=== EXERCISE AIM ===
Give the data again in full, exactly as written below.

=== THE RECORDS ===

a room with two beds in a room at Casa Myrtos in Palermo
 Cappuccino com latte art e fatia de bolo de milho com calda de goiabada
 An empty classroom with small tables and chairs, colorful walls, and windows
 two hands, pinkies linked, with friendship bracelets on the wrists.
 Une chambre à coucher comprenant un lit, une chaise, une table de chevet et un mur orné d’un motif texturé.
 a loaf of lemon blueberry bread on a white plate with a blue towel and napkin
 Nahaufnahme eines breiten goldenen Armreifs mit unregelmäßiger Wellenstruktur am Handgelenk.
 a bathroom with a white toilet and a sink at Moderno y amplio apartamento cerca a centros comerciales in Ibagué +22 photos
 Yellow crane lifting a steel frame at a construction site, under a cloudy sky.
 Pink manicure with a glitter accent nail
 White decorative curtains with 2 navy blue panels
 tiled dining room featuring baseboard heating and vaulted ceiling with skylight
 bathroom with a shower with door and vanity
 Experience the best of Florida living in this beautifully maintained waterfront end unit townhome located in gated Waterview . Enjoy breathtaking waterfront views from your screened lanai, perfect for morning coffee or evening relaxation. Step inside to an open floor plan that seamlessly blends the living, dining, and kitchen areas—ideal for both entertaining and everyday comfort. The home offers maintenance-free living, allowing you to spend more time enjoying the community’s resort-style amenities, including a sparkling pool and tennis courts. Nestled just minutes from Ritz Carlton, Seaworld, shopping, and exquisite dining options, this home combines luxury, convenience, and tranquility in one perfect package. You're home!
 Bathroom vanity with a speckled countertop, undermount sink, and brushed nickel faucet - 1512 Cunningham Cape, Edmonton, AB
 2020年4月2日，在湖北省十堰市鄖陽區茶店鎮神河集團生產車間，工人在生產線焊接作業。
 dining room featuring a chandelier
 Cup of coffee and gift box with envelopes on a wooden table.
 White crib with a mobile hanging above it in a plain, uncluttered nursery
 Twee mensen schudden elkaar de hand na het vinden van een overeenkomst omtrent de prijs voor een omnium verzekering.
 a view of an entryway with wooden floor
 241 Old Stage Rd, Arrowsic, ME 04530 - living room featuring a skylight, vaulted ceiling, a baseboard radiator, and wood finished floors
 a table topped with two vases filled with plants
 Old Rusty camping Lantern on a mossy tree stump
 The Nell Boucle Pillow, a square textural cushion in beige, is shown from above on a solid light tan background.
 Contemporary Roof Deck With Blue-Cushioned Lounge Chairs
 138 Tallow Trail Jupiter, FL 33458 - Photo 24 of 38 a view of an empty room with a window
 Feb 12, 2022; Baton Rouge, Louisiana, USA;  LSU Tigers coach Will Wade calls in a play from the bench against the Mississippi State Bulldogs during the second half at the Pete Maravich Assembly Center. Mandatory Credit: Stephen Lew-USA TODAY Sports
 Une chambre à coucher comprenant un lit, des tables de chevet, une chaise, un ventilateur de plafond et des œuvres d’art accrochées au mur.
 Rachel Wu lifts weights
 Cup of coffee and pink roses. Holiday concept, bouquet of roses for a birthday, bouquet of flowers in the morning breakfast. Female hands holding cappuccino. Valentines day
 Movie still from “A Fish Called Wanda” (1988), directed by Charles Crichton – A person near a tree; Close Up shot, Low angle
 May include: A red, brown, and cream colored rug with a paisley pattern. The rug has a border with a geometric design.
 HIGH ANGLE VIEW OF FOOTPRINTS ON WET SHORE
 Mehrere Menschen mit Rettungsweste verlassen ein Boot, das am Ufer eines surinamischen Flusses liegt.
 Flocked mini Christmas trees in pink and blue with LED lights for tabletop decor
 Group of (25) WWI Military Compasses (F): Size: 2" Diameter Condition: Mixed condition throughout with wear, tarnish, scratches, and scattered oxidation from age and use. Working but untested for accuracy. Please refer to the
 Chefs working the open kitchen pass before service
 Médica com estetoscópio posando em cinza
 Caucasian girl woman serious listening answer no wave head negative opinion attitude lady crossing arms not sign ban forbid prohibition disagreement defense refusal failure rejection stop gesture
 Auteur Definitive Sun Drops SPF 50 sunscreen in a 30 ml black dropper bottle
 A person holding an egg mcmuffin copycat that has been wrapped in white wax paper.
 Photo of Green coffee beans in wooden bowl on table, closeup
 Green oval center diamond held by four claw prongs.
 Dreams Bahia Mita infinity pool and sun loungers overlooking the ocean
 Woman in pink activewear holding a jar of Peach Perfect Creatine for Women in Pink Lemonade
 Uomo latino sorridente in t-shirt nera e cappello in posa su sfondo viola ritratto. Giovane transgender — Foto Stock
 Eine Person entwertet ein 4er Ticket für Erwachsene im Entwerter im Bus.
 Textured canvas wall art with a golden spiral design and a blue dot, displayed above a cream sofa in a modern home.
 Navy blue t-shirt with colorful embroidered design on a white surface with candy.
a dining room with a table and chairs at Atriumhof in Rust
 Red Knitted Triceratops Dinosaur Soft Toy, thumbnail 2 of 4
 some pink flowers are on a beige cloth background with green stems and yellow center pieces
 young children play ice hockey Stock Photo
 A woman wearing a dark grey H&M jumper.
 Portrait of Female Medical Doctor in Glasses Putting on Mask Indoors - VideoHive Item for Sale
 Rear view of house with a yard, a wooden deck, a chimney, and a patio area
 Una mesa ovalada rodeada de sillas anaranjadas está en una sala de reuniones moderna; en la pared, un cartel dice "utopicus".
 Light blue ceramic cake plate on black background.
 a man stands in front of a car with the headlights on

=== ANSWER TO THIS EXERCISE ===
a room with two beds in a room at Casa Myrtos in Palermo
 Cappuccino com latte art e fatia de bolo de milho com calda de goiabada
 An empty classroom with small tables and chairs, colorful walls, and windows
 two hands, pinkies linked, with friendship bracelets on the wrists.
 Une chambre à coucher comprenant un lit, une chaise, une table de chevet et un mur orné d’un motif texturé.
 a loaf of lemon blueberry bread on a white plate with a blue towel and napkin
 Nahaufnahme eines breiten goldenen Armreifs mit unregelmäßiger Wellenstruktur am Handgelenk.
 a bathroom with a white toilet and a sink at Moderno y amplio apartamento cerca a centros comerciales in Ibagué +22 photos
 Yellow crane lifting a steel frame at a construction site, under a cloudy sky.
 Pink manicure with a glitter accent nail
 White decorative curtains with 2 navy blue panels
 tiled dining room featuring baseboard heating and vaulted ceiling with skylight
 bathroom with a shower with door and vanity
 Experience the best of Florida living in this beautifully maintained waterfront end unit townhome located in gated Waterview . Enjoy breathtaking waterfront views from your screened lanai, perfect for morning coffee or evening relaxation. Step inside to an open floor plan that seamlessly blends the living, dining, and kitchen areas—ideal for both entertaining and everyday comfort. The home offers maintenance-free living, allowing you to spend more time enjoying the community’s resort-style amenities, including a sparkling pool and tennis courts. Nestled just minutes from Ritz Carlton, Seaworld, shopping, and exquisite dining options, this home combines luxury, convenience, and tranquility in one perfect package. You're home!
 Bathroom vanity with a speckled countertop, undermount sink, and brushed nickel faucet - 1512 Cunningham Cape, Edmonton, AB
 2020年4月2日，在湖北省十堰市鄖陽區茶店鎮神河集團生產車間，工人在生產線焊接作業。
 dining room featuring a chandelier
 Cup of coffee and gift box with envelopes on a wooden table.
 White crib with a mobile hanging above it in a plain, uncluttered nursery
 Twee mensen schudden elkaar de hand na het vinden van een overeenkomst omtrent de prijs voor een omnium verzekering.
 a view of an entryway with wooden floor
 241 Old Stage Rd, Arrowsic, ME 04530 - living room featuring a skylight, vaulted ceiling, a baseboard radiator, and wood finished floors
 a table topped with two vases filled with plants
 Old Rusty camping Lantern on a mossy tree stump
 The Nell Boucle Pillow, a square textural cushion in beige, is shown from above on a solid light tan background.
 Contemporary Roof Deck With Blue-Cushioned Lounge Chairs
 138 Tallow Trail Jupiter, FL 33458 - Photo 24 of 38 a view of an empty room with a window
 Feb 12, 2022; Baton Rouge, Louisiana, USA;  LSU Tigers coach Will Wade calls in a play from the bench against the Mississippi State Bulldogs during the second half at the Pete Maravich Assembly Center. Mandatory Credit: Stephen Lew-USA TODAY Sports
 Une chambre à coucher comprenant un lit, des tables de chevet, une chaise, un ventilateur de plafond et des œuvres d’art accrochées au mur.
 Rachel Wu lifts weights
 Cup of coffee and pink roses. Holiday concept, bouquet of roses for a birthday, bouquet of flowers in the morning breakfast. Female hands holding cappuccino. Valentines day
 Movie still from “A Fish Called Wanda” (1988), directed by Charles Crichton – A person near a tree; Close Up shot, Low angle
 May include: A red, brown, and cream colored rug with a paisley pattern. The rug has a border with a geometric design.
 HIGH ANGLE VIEW OF FOOTPRINTS ON WET SHORE
 Mehrere Menschen mit Rettungsweste verlassen ein Boot, das am Ufer eines surinamischen Flusses liegt.
 Flocked mini Christmas trees in pink and blue with LED lights for tabletop decor
 Group of (25) WWI Military Compasses (F): Size: 2" Diameter Condition: Mixed condition throughout with wear, tarnish, scratches, and scattered oxidation from age and use. Working but untested for accuracy. Please refer to the
 Chefs working the open kitchen pass before service
 Médica com estetoscópio posando em cinza
 Caucasian girl woman serious listening answer no wave head negative opinion attitude lady crossing arms not sign ban forbid prohibition disagreement defense refusal failure rejection stop gesture
 Auteur Definitive Sun Drops SPF 50 sunscreen in a 30 ml black dropper bottle
 A person holding an egg mcmuffin copycat that has been wrapped in white wax paper.
 Photo of Green coffee beans in wooden bowl on table, closeup
 Green oval center diamond held by four claw prongs.
 Dreams Bahia Mita infinity pool and sun loungers overlooking the ocean
 Woman in pink activewear holding a jar of Peach Perfect Creatine for Women in Pink Lemonade
 Uomo latino sorridente in t-shirt nera e cappello in posa su sfondo viola ritratto. Giovane transgender — Foto Stock
 Eine Person entwertet ein 4er Ticket für Erwachsene im Entwerter im Bus.
 Textured canvas wall art with a golden spiral design and a blue dot, displayed above a cream sofa in a modern home.
 Navy blue t-shirt with colorful embroidered design on a white surface with candy.
a dining room with a table and chairs at Atriumhof in Rust
 Red Knitted Triceratops Dinosaur Soft Toy, thumbnail 2 of 4
 some pink flowers are on a beige cloth background with green stems and yellow center pieces
 young children play ice hockey Stock Photo
 A woman wearing a dark grey H&M jumper.
 Portrait of Female Medical Doctor in Glasses Putting on Mask Indoors - VideoHive Item for Sale
 Rear view of house with a yard, a wooden deck, a chimney, and a patio area
 Una mesa ovalada rodeada de sillas anaranjadas está en una sala de reuniones moderna; en la pared, un cartel dice "utopicus".
 Light blue ceramic cake plate on black background.
 a man stands in front of a car with the headlights on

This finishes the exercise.